Pictures are to be left out, and only the lines below starting at the one with "Graphic on blue" and ending at the one with "SIRU - Ljuskrona" are to be reproduced, each exactly, both ends included.

Records shown:
▬▬▬

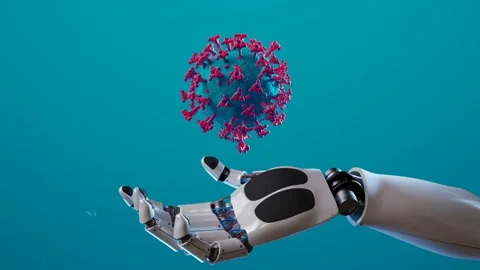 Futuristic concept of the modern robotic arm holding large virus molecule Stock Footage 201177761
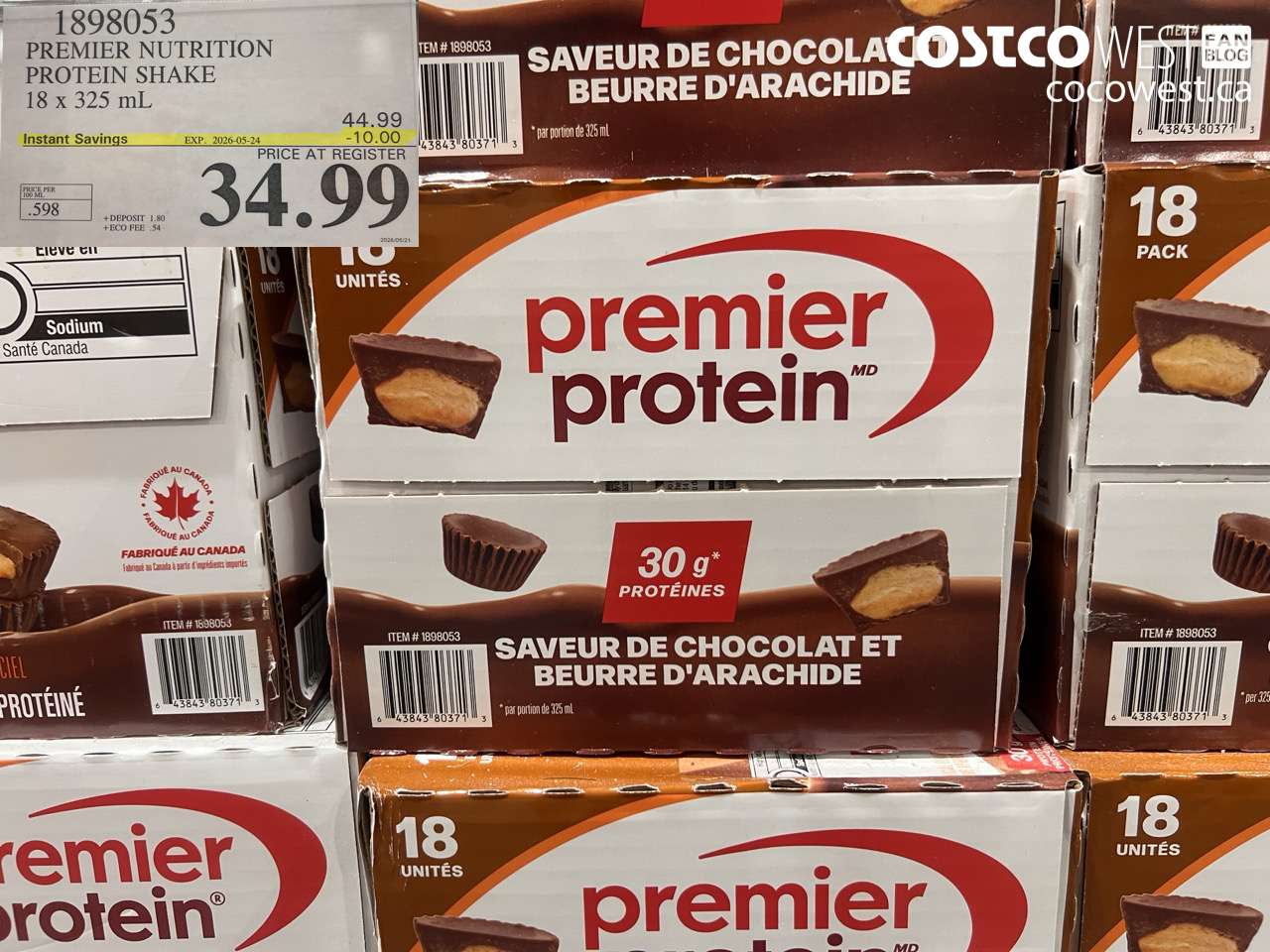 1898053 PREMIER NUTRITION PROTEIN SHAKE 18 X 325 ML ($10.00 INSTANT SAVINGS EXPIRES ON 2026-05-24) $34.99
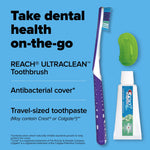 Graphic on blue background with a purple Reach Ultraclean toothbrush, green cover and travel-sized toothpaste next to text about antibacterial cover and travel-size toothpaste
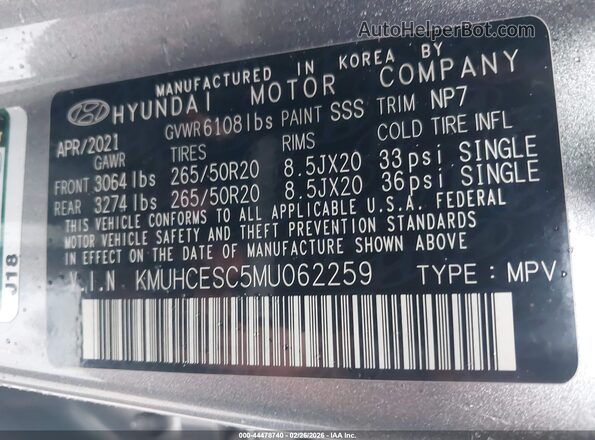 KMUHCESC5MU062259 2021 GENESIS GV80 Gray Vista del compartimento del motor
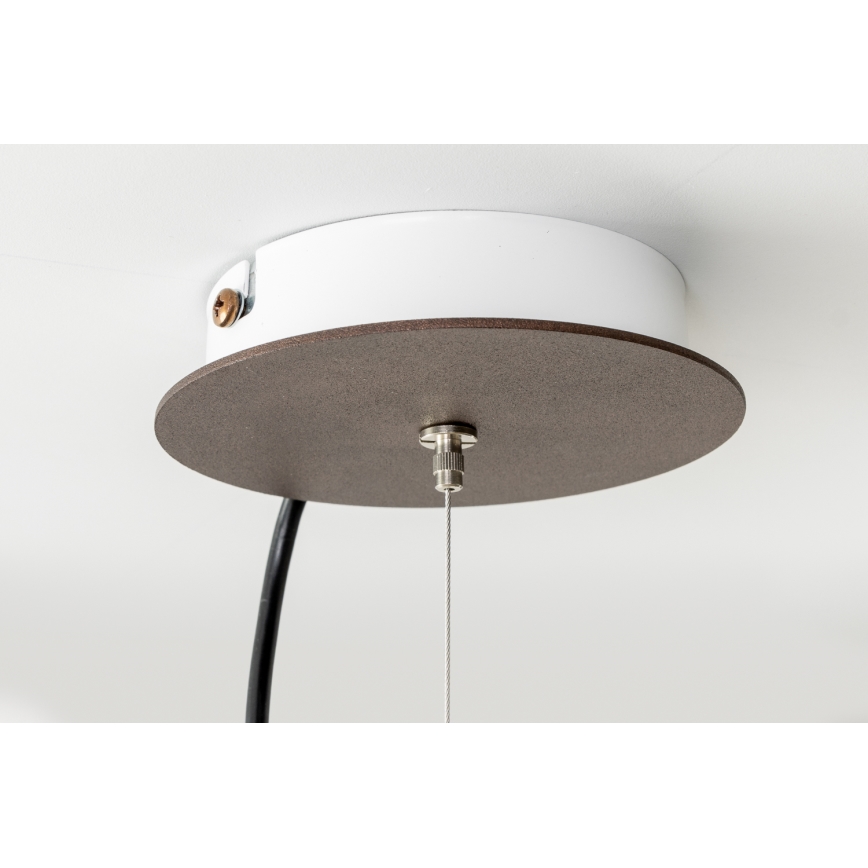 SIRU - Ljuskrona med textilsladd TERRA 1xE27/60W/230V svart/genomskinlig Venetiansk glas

▬▬▬

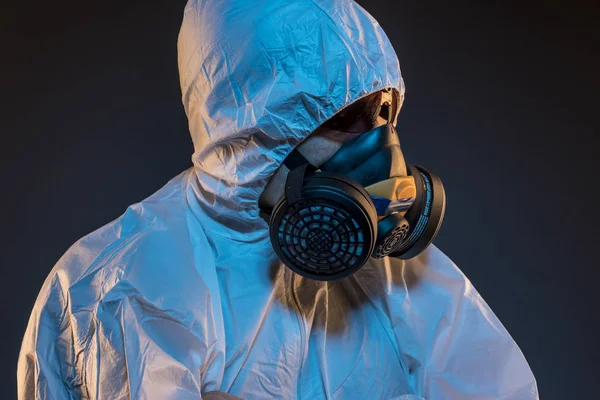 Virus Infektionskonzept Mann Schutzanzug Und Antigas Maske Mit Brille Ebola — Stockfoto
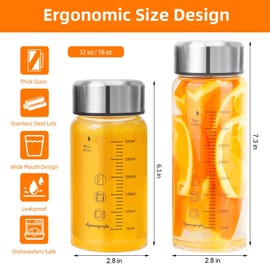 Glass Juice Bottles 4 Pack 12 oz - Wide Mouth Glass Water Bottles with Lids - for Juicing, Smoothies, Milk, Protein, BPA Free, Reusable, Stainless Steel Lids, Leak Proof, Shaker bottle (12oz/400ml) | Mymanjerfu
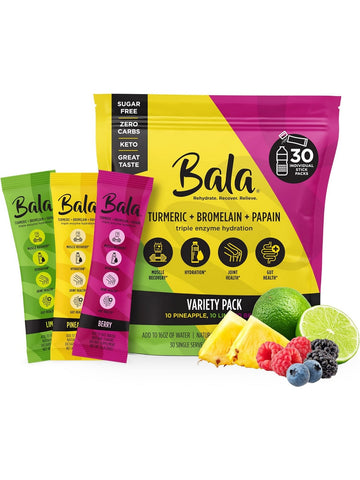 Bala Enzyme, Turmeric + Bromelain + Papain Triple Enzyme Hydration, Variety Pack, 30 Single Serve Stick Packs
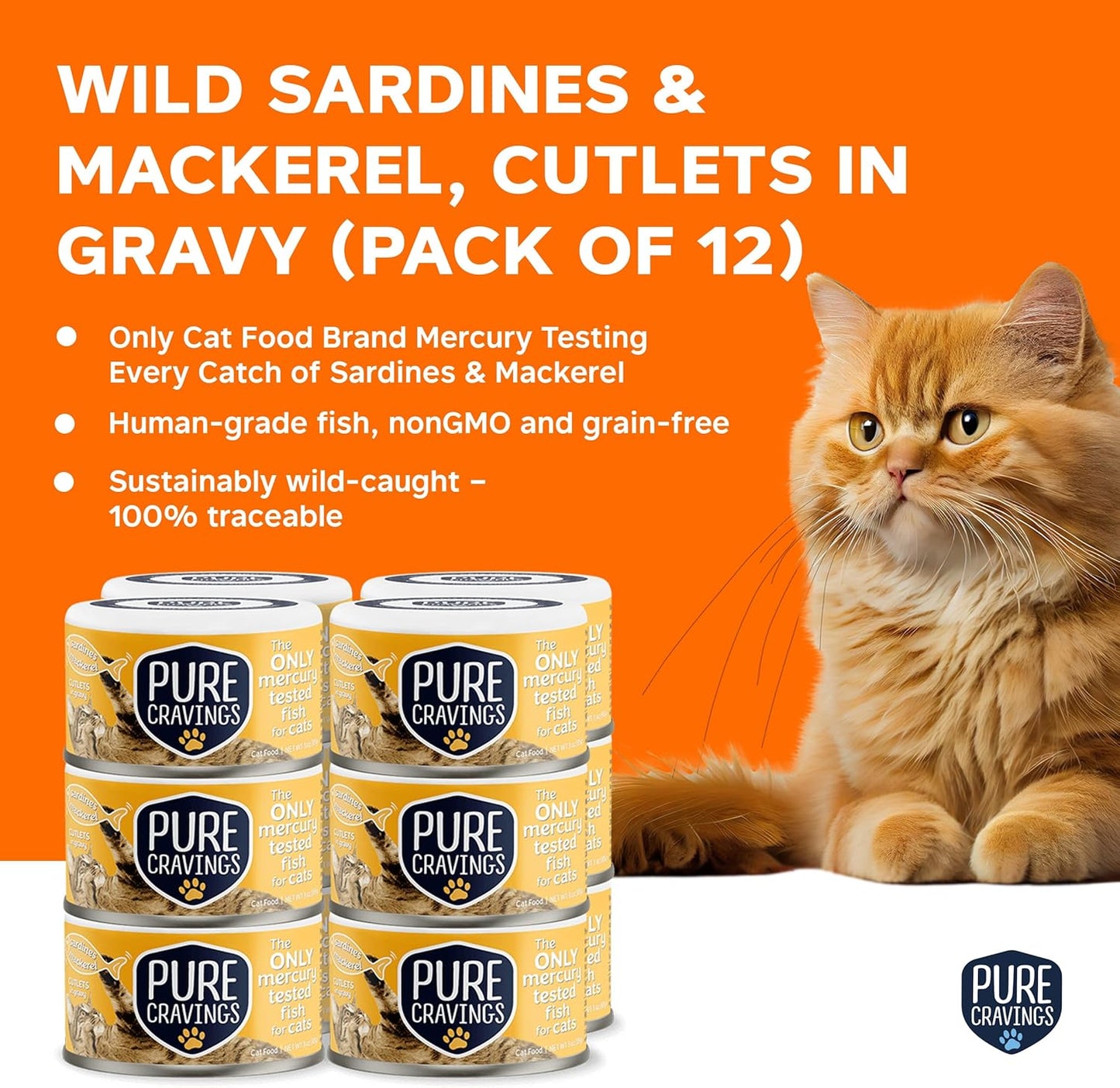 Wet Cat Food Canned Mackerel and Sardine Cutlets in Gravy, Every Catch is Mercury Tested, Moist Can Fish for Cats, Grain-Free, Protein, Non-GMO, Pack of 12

▬▬▬

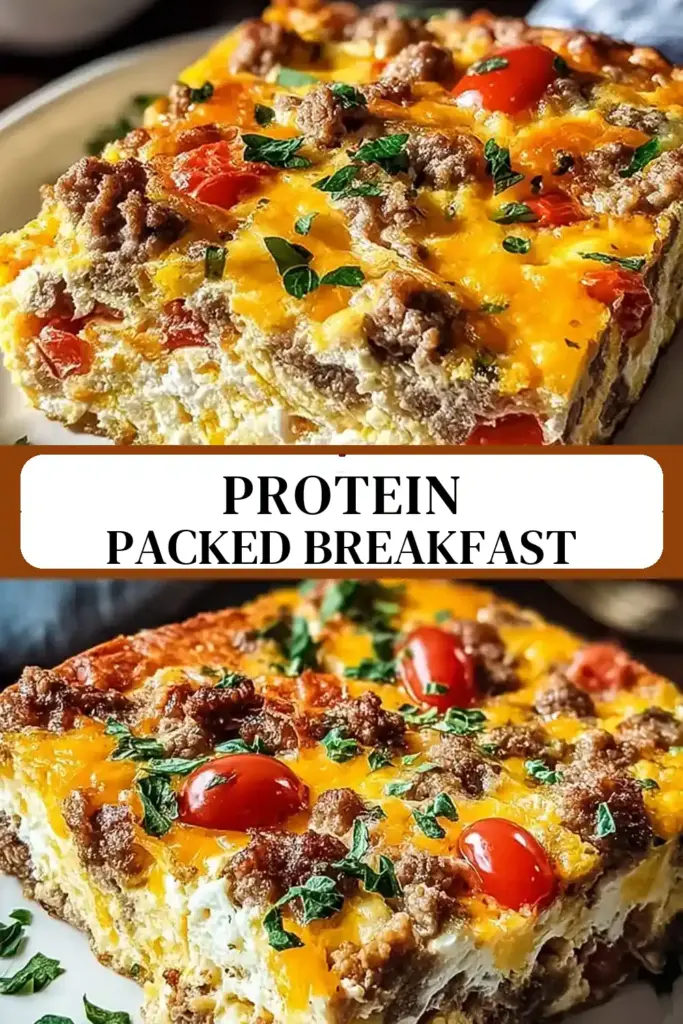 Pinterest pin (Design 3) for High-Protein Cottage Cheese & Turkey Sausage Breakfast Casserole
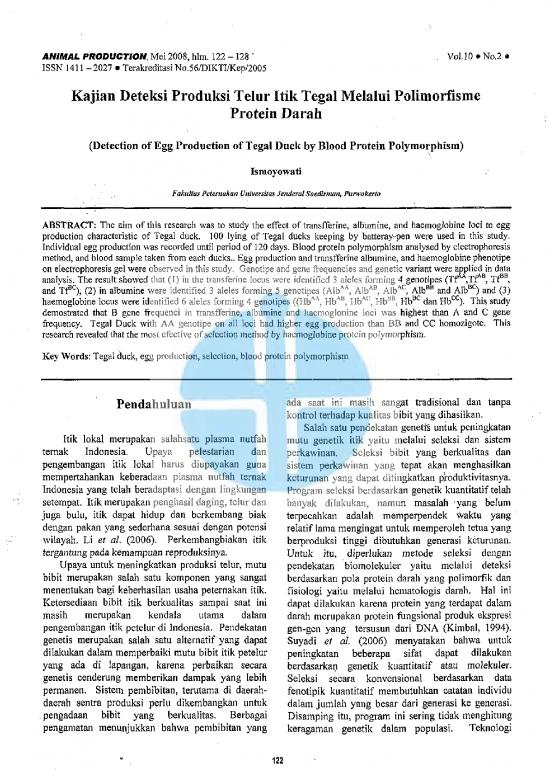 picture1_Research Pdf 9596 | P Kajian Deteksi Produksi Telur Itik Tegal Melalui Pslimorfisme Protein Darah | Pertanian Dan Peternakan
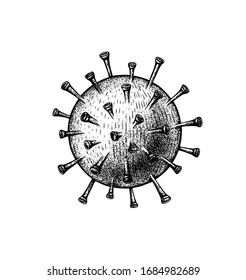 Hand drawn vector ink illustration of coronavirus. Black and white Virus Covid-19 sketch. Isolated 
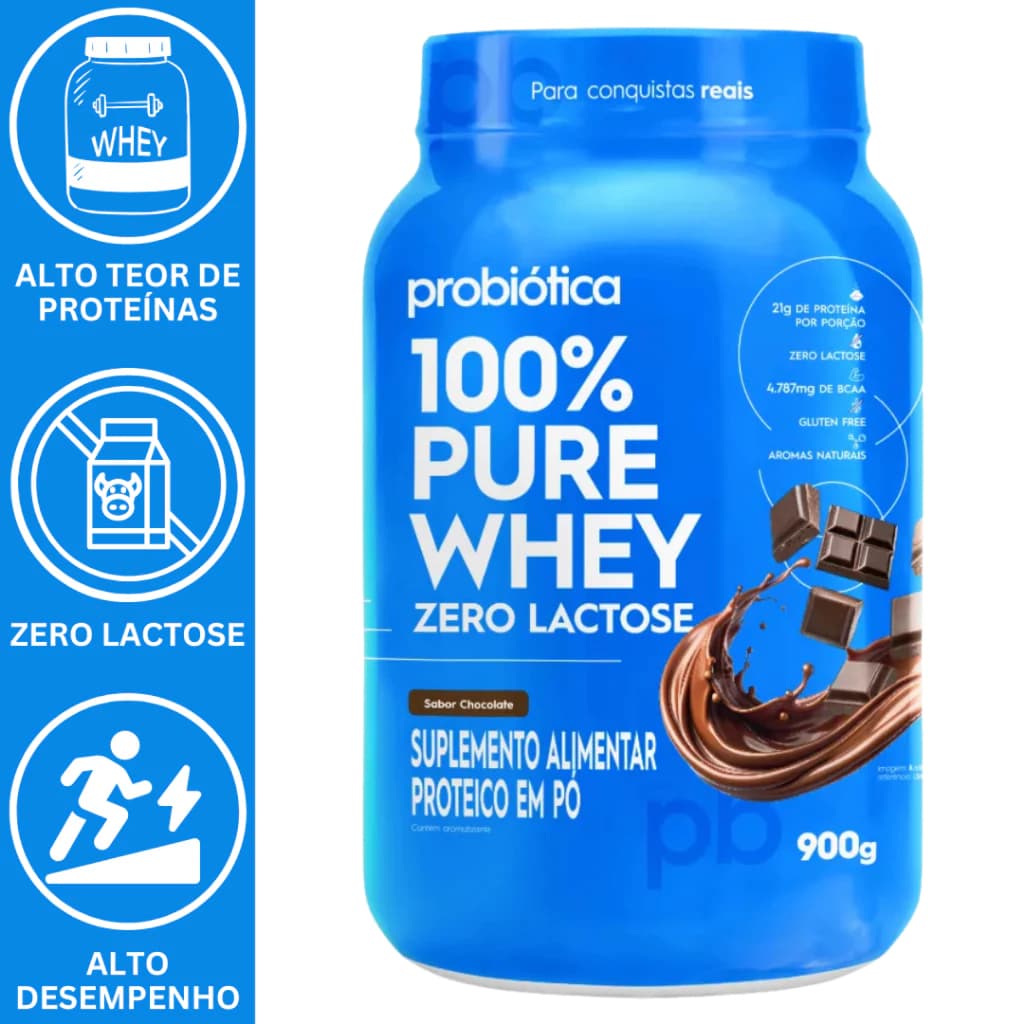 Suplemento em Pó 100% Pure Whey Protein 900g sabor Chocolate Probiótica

▬▬▬

Exercise response:
 Graphic on blue background with a purple Reach Ultraclean toothbrush, green cover and travel-sized toothpaste next to text about antibacterial cover and travel-size toothpaste
 KMUHCESC5MU062259 2021 GENESIS GV80 Gray Vista del compartimento del motor
 SIRU - Ljuskrona med textilsladd TERRA 1xE27/60W/230V svart/genomskinlig Venetiansk glas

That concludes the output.